By Sean Stillmaker in News on Oct 2, 2010 3:00PM

Since the beginning of the mortgage crisis home foreclosures have been at their highest this year. But maybe the situation wouldn’t be as bad if bank employees did the job they are paid to do.

JP Morgan Chase said it's stopping 56,000 foreclosures to verify foreclosure documents were prepared properly. It was revealed that bank employees did not have the time to review the foreclosure documents, so they just signed them. The “robo-signers” put their signatures on over 10,000 foreclosure affidavits a month without ever reviewing them, the New York Times reports.

In Chicago homeowners have been disgruntled over mortgage servicers who could not show proper paperwork. “I’m sure that the banks will perfect the mortgages and move on,” a housing consultant told the Sun Times.

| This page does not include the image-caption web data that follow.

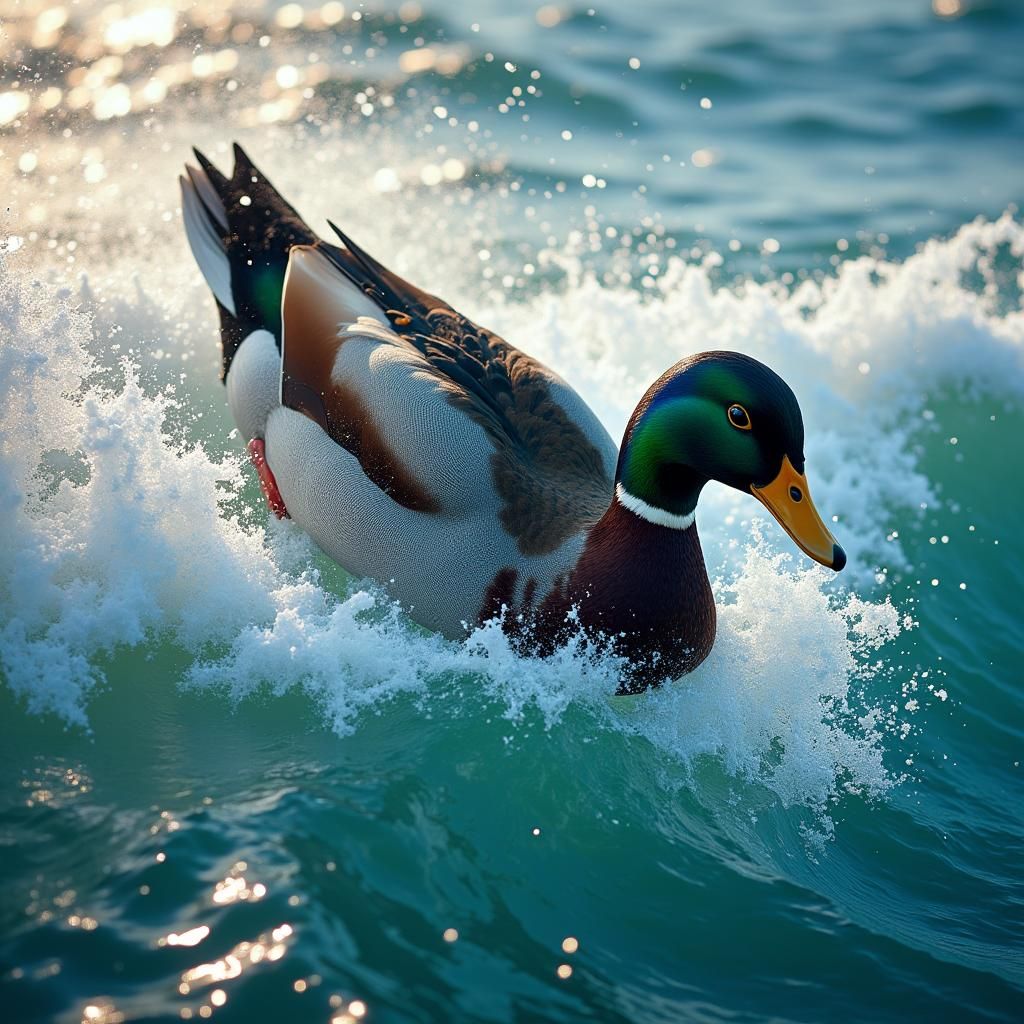 Duck's Daring Escape from Sharks in Iridescent Ocean
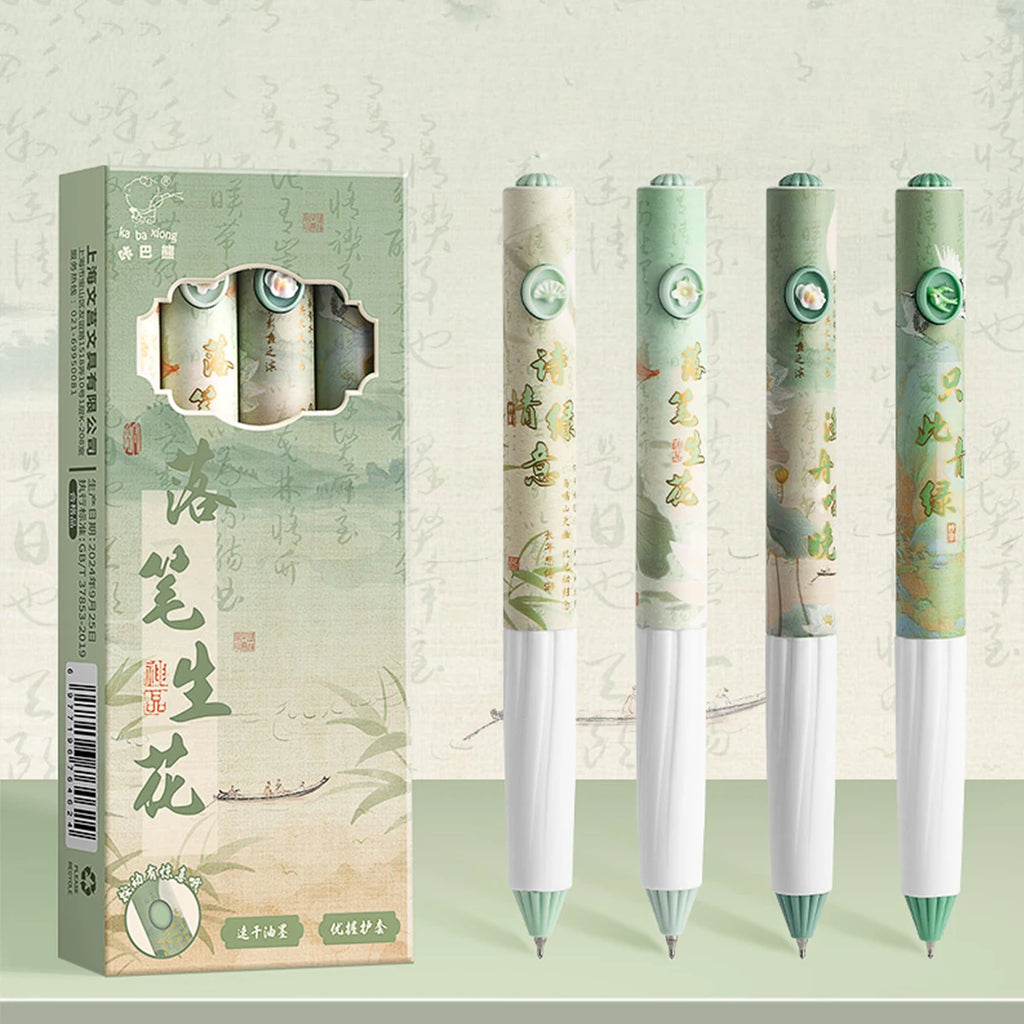 4-Pack Themed Gel Pens – Animal, Ballet & Floral 0.5mm Black Ink Gel Pen Set Richie's light green black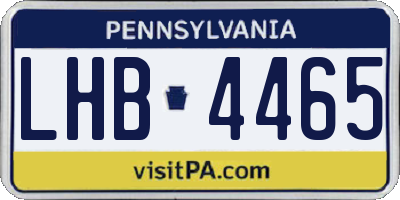PA license plate LHB4465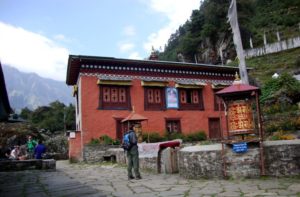 Buddhist Monastery Ghat Village in Everest base camp trek route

The newest trend in foreclosure filings has been condominiums. In Cook County there has been more than a 75 percent increase compared to the same period in 2009. Chicago had the most condominium foreclosure filings, the majority occurring in middle and higher income communities. The Loop’s filings increased by 120 percent and Rogers Park by 71 percent, according to the Woodstock Institute.

GMAC was the first financial lender that said it was halting its foreclosures. The Treasury Department, which is the owner of the company after providing it with $17 billion in bailout money, mandated their procedures to be corrected.